Станислав Соловьев - Grunedaal
На следующее утро Хурнен выдал мне кусок сушенного мяса и немного хлеба на дорогу. Он задумчиво поглядел на меня и сказал: "Слышал я когда-то от деда моего, что в твоем Заллибаре есть какие-то люди, что умеют воскрешать словами давно умершее и воодушевлять человеческое сердце. Я не знаю, зовутся ли они "историками", как ты говоришь, или по-другому, но ты схож на такого человека..." Он спросил меня, куда я держу путь. Название "Грюнедаль" ничего ему не говорило, а о странах Букнерек и Сууар он знал только понаслышке. Хурнен уважительно посмотрел на меня и объяснил мне как обойти зараженный Занем стороной: "Учти, добрый человек, не все на заставах, такие как моя... есть разные люди. Ты ничего плохого не делаешь и тебе не нужно идти в проклятый землей Занем (при этих словах он сплюнул на землю), но лучше тебе не попадаться нашим заставам. Вряд ли они удовлетворятся твоим дивным ремеслом, да и не хватит у тебя голоса ублажать всех служивых... Вот тебе добрый совет и ступай себе стороной." Кальберетцы пожелали мне удачи и поспешил в сторону, указанную мне начальником заставы. Не успело подняться солнце, как застава осталась у меня далеко позади. "Эти люди, - подумал я, - могли задержать меня и доставить в Кальберет, но они так не сделали, хотя они не знают ничего об исторической науке и, похоже, никогда не видели человека моего сана. Значит, это уже край Изученного мира и отсюда начинаются дикие земли, не знающие закона и Истории..." Мысль эта мне не понравилась (я еще помнил грубую хватку стражников и то чувство ошеломления, которое охватило меня, когда стражники проигнорировали слово "историк" - вещь, неслыханная для Изученного мира). Но, с другой стороны, близок был заветный дикий мир, в глубине которой находился странный город Грюнедаль - место моим поисков и моих надежд...

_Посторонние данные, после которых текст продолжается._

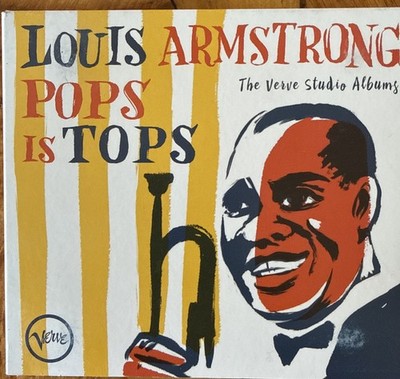 Louis Armstrong  Pops Is Tops: The Complete Verve Studio Albums  4CD Set EX Cond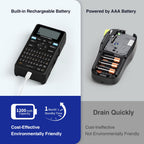 SUPVAN E11 Keyboard & Bluetooth Label Maker Machine with 4 Tapes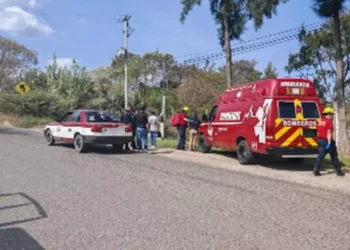 El accidente se suscitó cuando circulaba por el bulevar.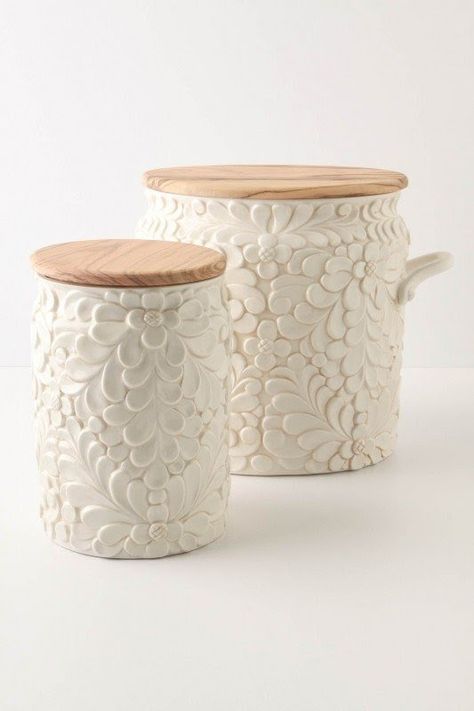 Ceramic Storage Jars - Ideas on Foter Jars Ceramics, Ceramic Containers, Roatan, Ceramic Jars, Kitchen Canisters, Canister Sets, Cookie Jars, Kitchen Stuff, Kitchen Items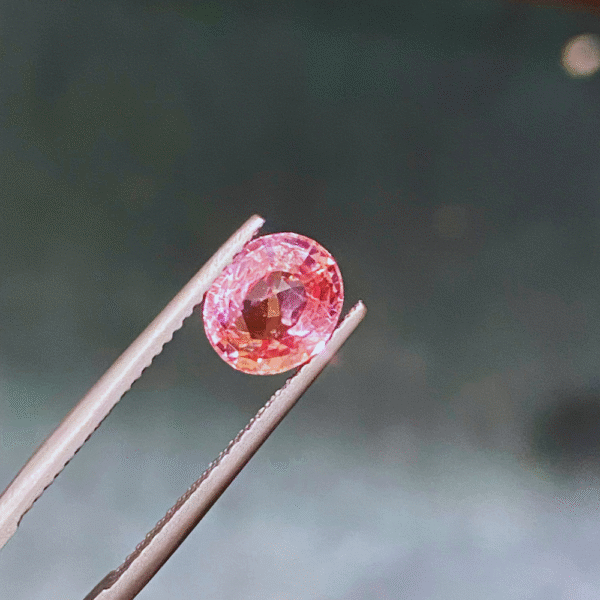 2.15 Ct Unheated Lotus Pink Padparadscha Sapphire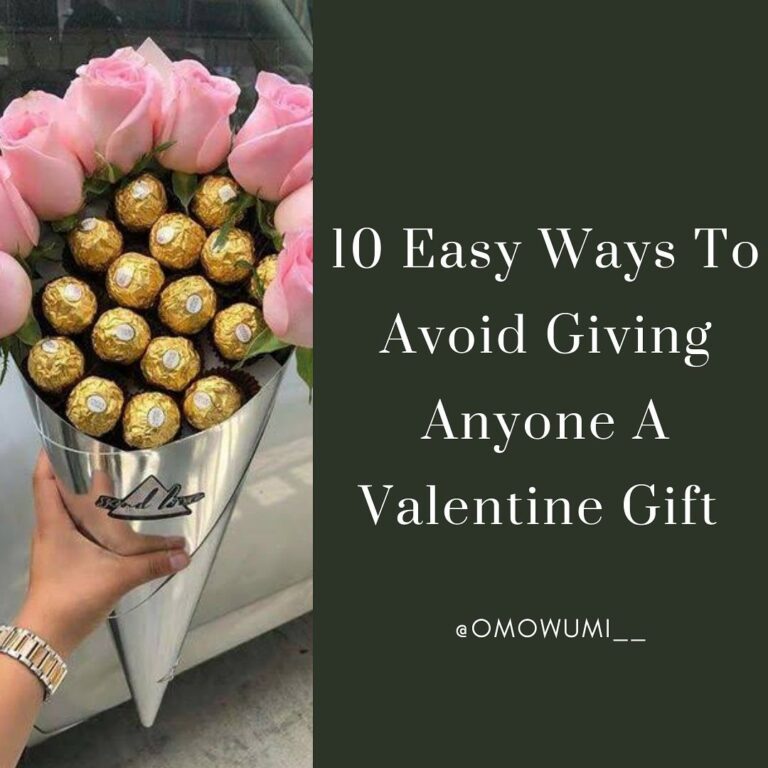 10 Easy Ways to Avoid Giving Anyone A Valentine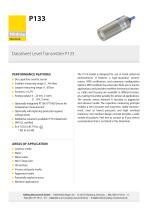 Capacitive level sensor - P133 PP - Nöding Messtechnik - for wastewater ...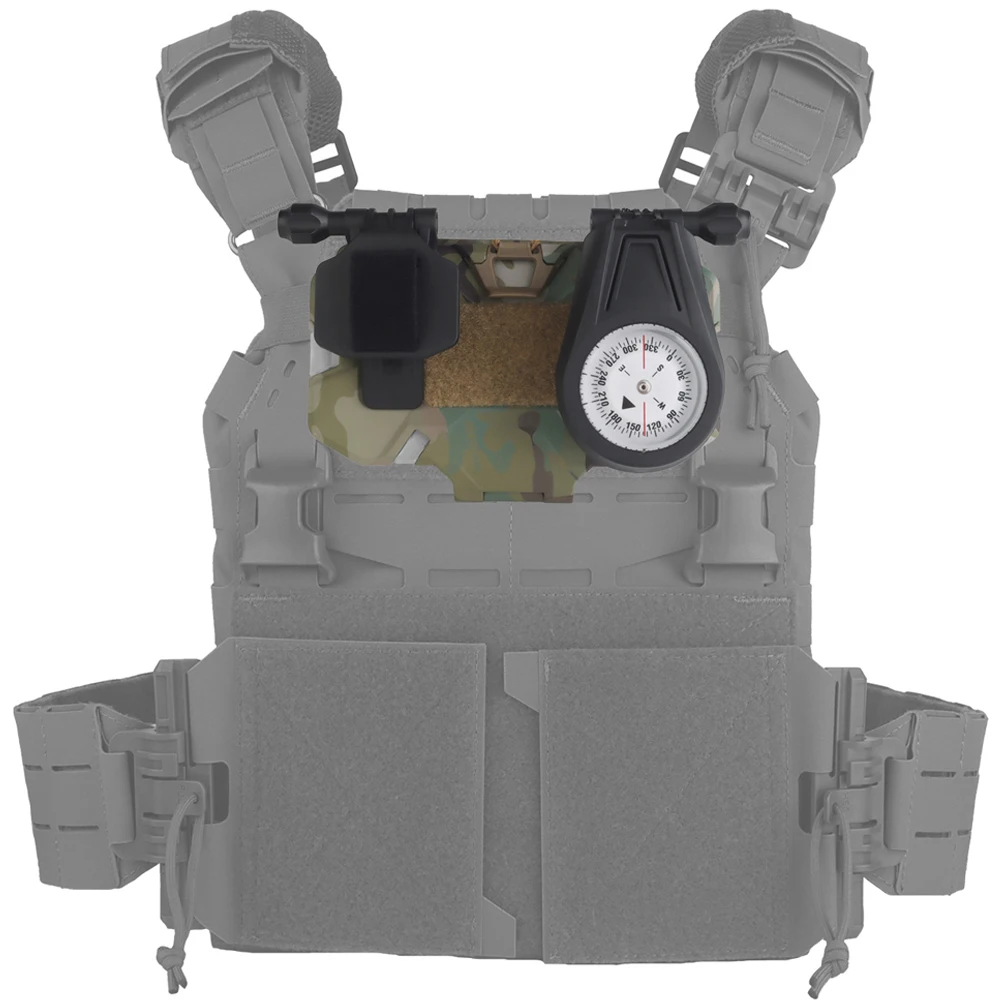 Panel táctico MOLLE plegable para teléfono con brújula y GPS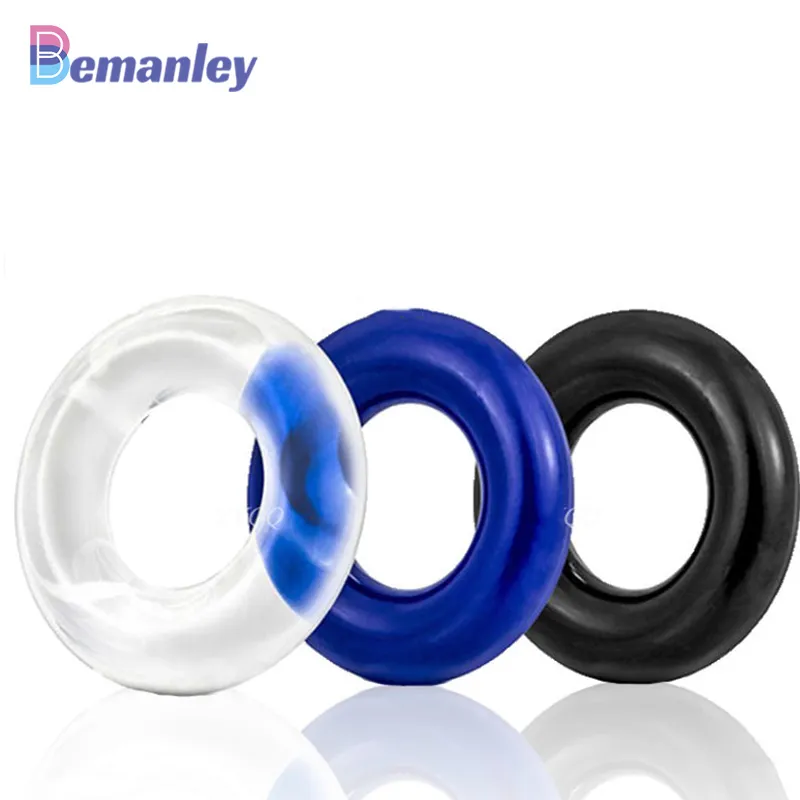 Penis Ring Rubber Male sexy Toy Lock Masturbation Reusable Couple Chastity Game Men's Adult Products 18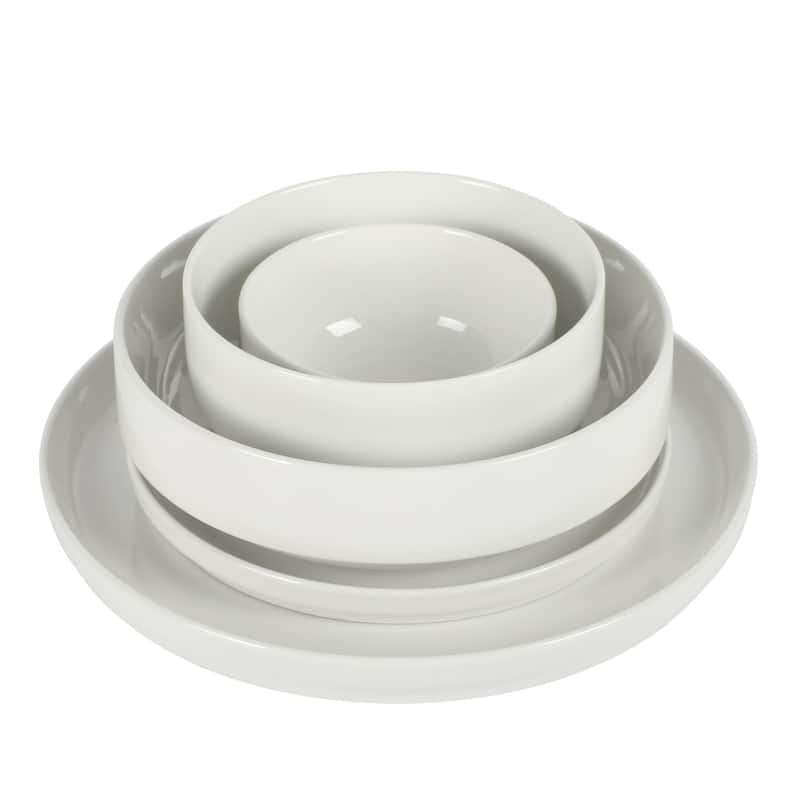 Gibson Home Rothenberg Stackable 40-Piece Porcelain Dinnerware Set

Памятуя совет Хурнена, я старался обходить стороной все встречавшиеся мне заставы кальберетцев, - их я насчитал больше сорока. Мне приходилось днем прятаться в кустарниках, а ночью ужом ползти по еще сырой земле. Я боялся застудить внутренности, но все, слава Истории, обошлось. Я настолько удалился от моего первоначального маршрута, что вышел совсем не в том месте, где рассчитывал. Тогда в сердцах я тоже помянул несчастную страну Занем, - хотя она ни в чем не была виновата. Жестокость стражников Кальберета отталкивает, но она необходима, - если бы не это, кто знает, сколько бы сообществ и городов постигла судьба Занема?.. Историки предпочитают в таких случаях не говорить слово "судьба" - имя темного божества неграмотного простонародья. Они говорят "историческая закономерность", а в случае властей Кальберета - "изменение исторического потока", "направление движения Истории в новое русло". "Но по сути это одно и то же", - решил я, тем самым совершив нарушение еще одного обета - обета чистоты Изучения, который предписывает не использовать для интерпретаций и созидания неисторических методов и понятий. Но я остался равнодушным к собственному кощунству. Я давно уже не был историком, принятым в Изученном мире...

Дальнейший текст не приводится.